Altre parole non mi sento di aggiungere. Se hanno voglia di fare qualcosa il tempo forse c’è ancora per evitare il naufragio. Ma non così. Per favore, non possono volere così male alla città.

NAVIGARE A VISTA

Questi siamo. E con questi (tanti) difetti e questi (pochi) pregi dovremo arrivare in fondo a questo campionato cercando di evitare di precipitare nel baratro della retrocessione che purtroppo ci è molto vicino.

Le occasioni per strappare almeno un punto all’Empoli ci sono state oggi ma siamo evidentemente bloccati ad una paura inconscia che non ci fa spingere fino in fondo sull’acceleratore quando è ora di farlo. Sono tante le partite in cui, ci avessimo creduto solo un po’ di più e fossimo stati solo un pizzico più lucidi, avremmo senz’altro potuto portare a casa un punto. O forse tre. Ma stare qui ancora una volta a rigirare gli stessi discorsi rischia di trasformarsi in un boomerang che fa male all’autostima e allo stato d’animo già provato che abbiamo.

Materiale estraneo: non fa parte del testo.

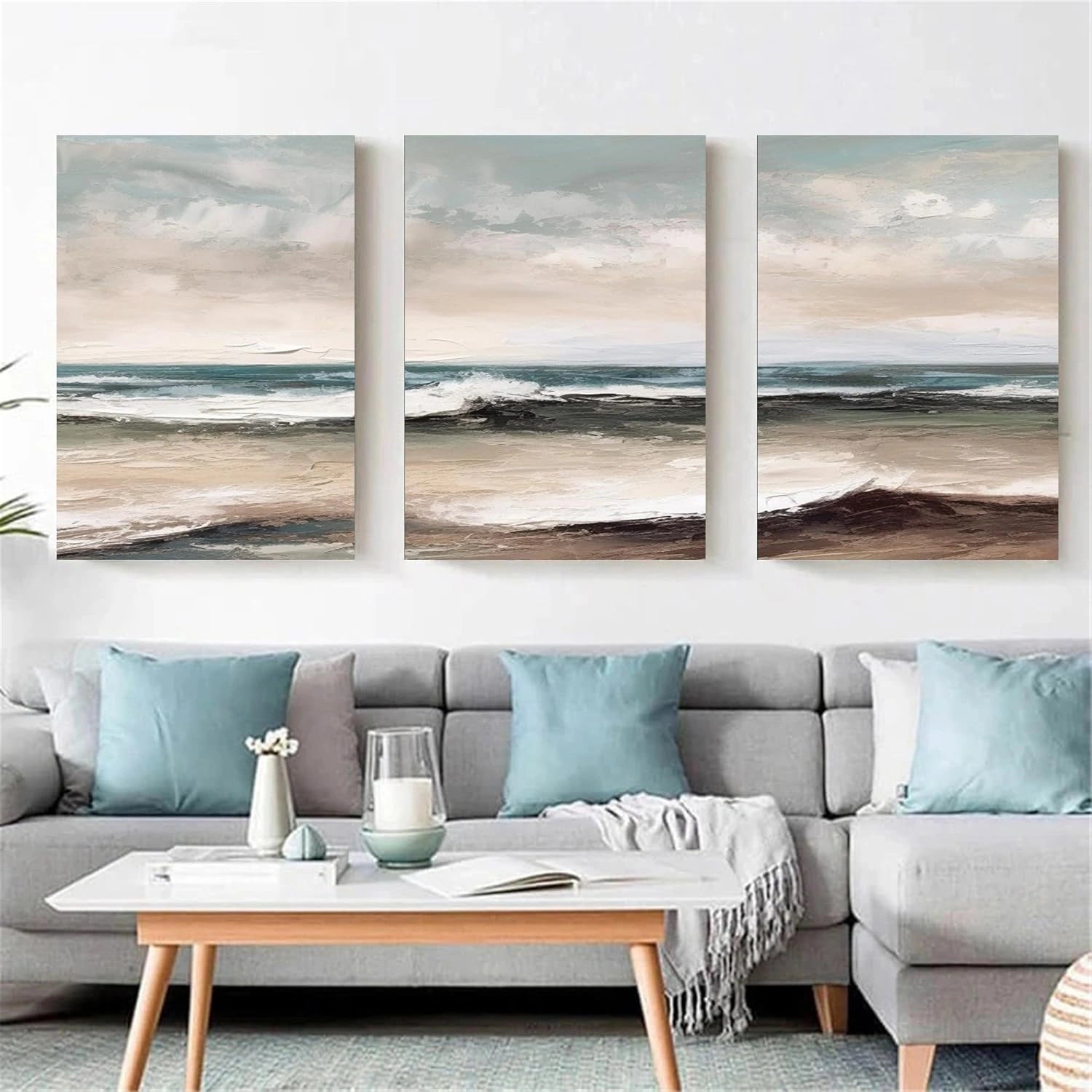 Ocean and Sky Wall Art Set of 3 - Modern Coastal Paintings for Living Room, Bedroom & Office Decor - Blue Seascape Canvas Prints (OS 259)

E allora, una volta di più, ha ragione Michele Serena. Non c’è altra alternativa che guardare avanti, alla prossima gara, navigando a vista senza farsi troppe “seghe” mentali. Alla fine tireremo una riga e sotto scriveremo la somma che abbiamo ottenuto lungo il cammino. Guardare la classifica, vivere di rimpianti per quello che poteva essere e non è stato e star lì a sottolineare i difetti di questa squadra non serve a niente.

Ne riparleremo a fine anno. E intanto aggrappiamoci all’unico vero pregio che è rimasto a questi giocatori, ovvero l’impegno. Da solo non basta ma, se mancasse, sarebbe davvero finita oggi.